Merge follow-up span that carry additional attributes with its parent

pavolloffay commented 3 years ago

HTTP client response instrumentation in Java agent captures the body after the span has been finished. This instrumentation instruments input stream and the body is usually read after the client request is closed. We have chosen to do it this way to minimize interactions with the client app.

The body attribute is added to the newly created and immediately finished span that is a child of the HTTP client span - https://github.com/hypertrace/javaagent/blob/main/instrumentation/apache-httpclient-4.0/src/main/java/io/opentelemetry/instrumentation/hypertrace/apachehttpclient/v4_0/InputStreamUtils.java#L53.

The platform will have to deal with this either by merging the follow-up span with its parent or by dealing with the fact that some attributes are captured in the child span.

EDIT1: another example from JAX-RS client https://github.com/hypertrace/javaagent/pull/159/files#diff-bc3f663e3c15fe35183bc490b01d9680a1a0b28820b99b1473bcf50b6b301ae9R65

mohit-a21 commented 3 years ago

Is this going to be a framework-specific behavior?

TRACER
          .spanBuilder("additional-data")
          .setParent(Context.root().with(span))
          .setAttribute(attributeKey, value)
          .startSpan()
          .end();

Here, the name of the span seems to be additional-data, right? Will that be an identifier for such spans?

jcchavezs commented 3 years ago

I have some reluctance about this. First of all, I'd avoid creating synthetic spans as the logic for merging can be problematic (even if spans are create one after the other, they can be reported in different batches). Second, this looks like a workaround just because of the nature of java instrumentation so I am not sure we should do these kind of specifics because that can end up in lots of custom logic for different agents. Last, I would point instead into the direction of update spans after reporting rather than creating a new span. This is, reporting two versions of the same span (same ID) with complimentary attributes. This sounds to me something that makes more sense not only for this case but also for async stuff.

On Wed, Dec 2, 2020 at 9:29 PM Mohit Agarwal notifications@github.com wrote:

Is this going to be a framework-specific behavior?

TRACER .spanBuilder("additional-data") .setParent(Context.root().with(span)) .setAttribute(attributeKey, value) .startSpan() .end();

Here, the name of the span seems to be additional-data, right? Will that be an identifier for such spans?

— You are receiving this because you are subscribed to this thread. Reply to this email directly, view it on GitHub https://github.com/hypertrace/hypertrace-ingester/issues/81#issuecomment-737477039, or unsubscribe https://github.com/notifications/unsubscribe-auth/AAXOYAWZFNBELIYCEZ4GIOTSS2PRNANCNFSM4UK33BIA .

pavolloffay commented 3 years ago

Here, the name of the span seems to be additional-data, right? Will that be an identifier for such spans?

We can agree on different names.

Second, this looks like a workaround just because of the nature of java instrumentation so I am not sure we should do these kind of specifics because that can end up in lots of custom logic for different agents.

A workaround for what?

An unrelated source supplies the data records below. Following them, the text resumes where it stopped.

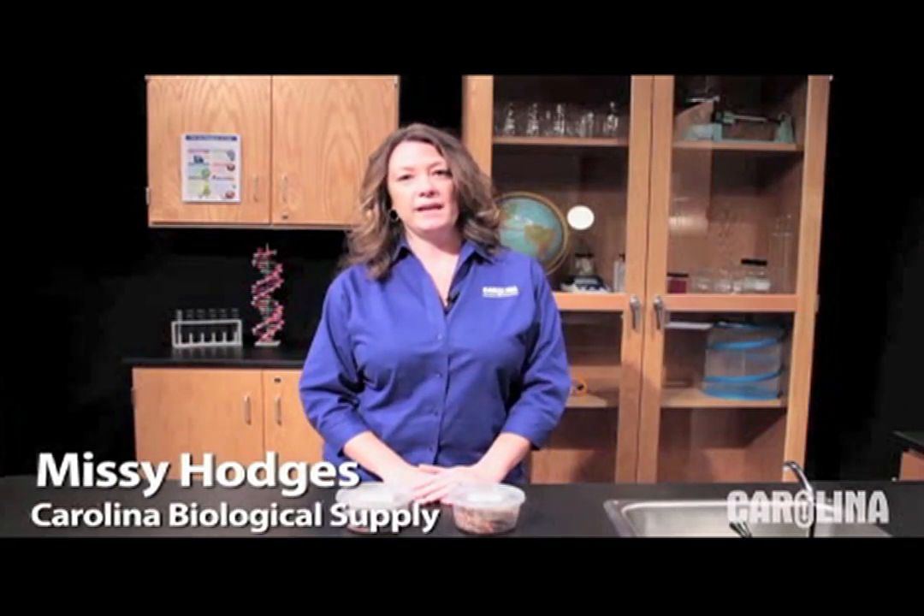Hi, I'm Missy Hodges, a product manager for Carolina Biological Supply Company. Many of our customers have questions about ordering and caring for termites. We hope this short video will answer all of your questions so that you can confidently make your purchase.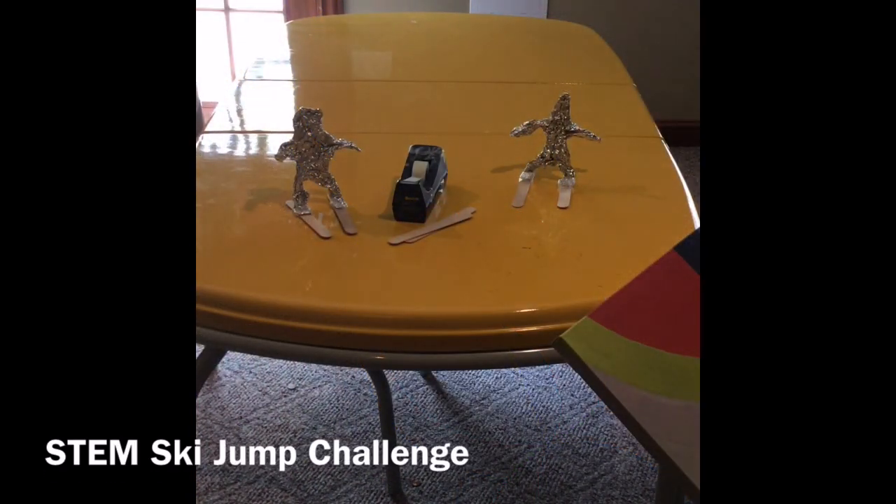That's all you need to complete the ski jump STEM challenge. I hope everybody has a great day and we'll see you soon for more videos.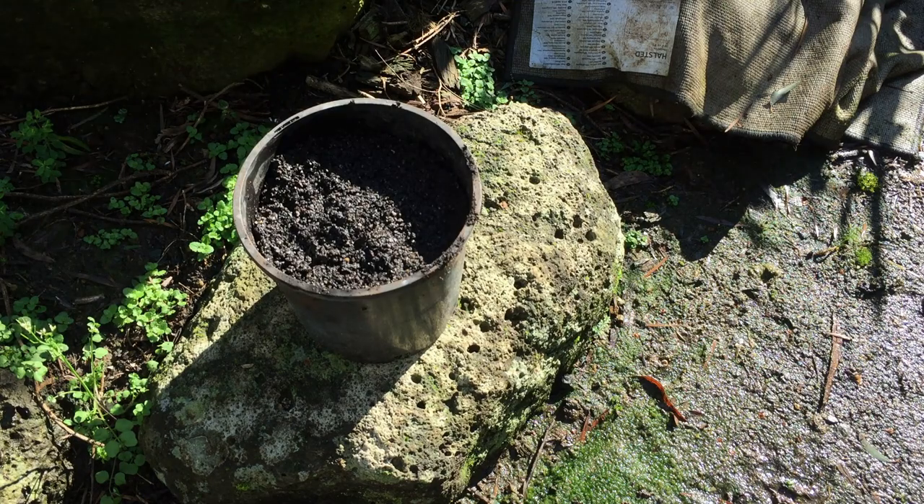Now that we've sowed and watered our seeds, we want to find a nice sunny spot, preferably one that gets more than six hours of direct sunlight, and now we just let it grow. If you enjoyed this video and found it useful, please feel free to look at some of my other videos. Thanks for watching and have a great day.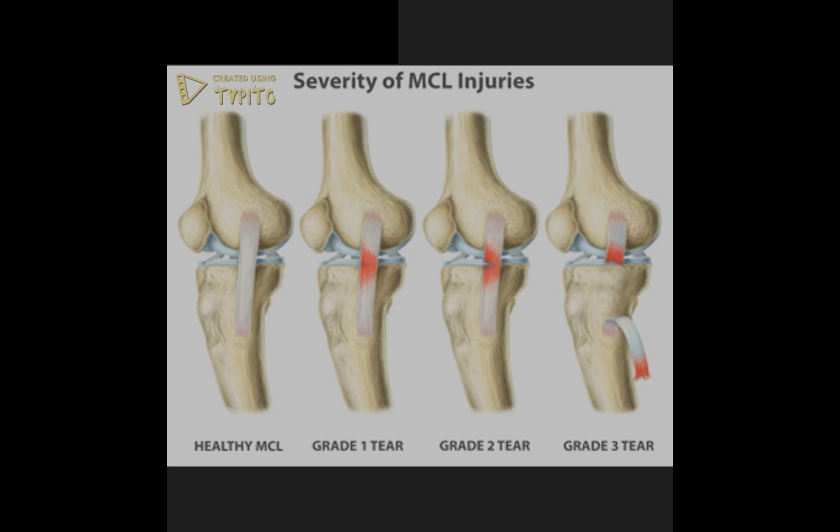The severity of medial collateral ligament injuries is classified according to grade 1, 2, and 3. A grade 1 injury is a minor tear to the ligament with mild tenderness on the inside of the knee and usually no swelling. There is pain with stress to the joint but it still holds its structural integrity.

When the response body is read the client span (span created in the HTTP client for the outbound request) is finished. This depends on the HTTP client framework, but there are such frameworks.

would point instead into the direction of update spans after reporting rather than creating a new span. This is, reporting two versions of the same span (same ID) with complimentary attributes. This sounds to me something that makes more sense not only for this case but also for async stuff.

There are a couple of issues with your proposal:

this complicates SDK, none of the SDKs we use supports such functionality.
the platform has to deal with the multiple flushes as well - probably in a similar way as reporting additional span with additional attributes.

mohit-a21 commented 3 years ago

This is, reporting two versions of the same span (same ID) with complimentary attributes.

Is versioning of span id a thing? Does any of the existing tracing platform support that? (not suggesting that if it's not there, we should not do it.)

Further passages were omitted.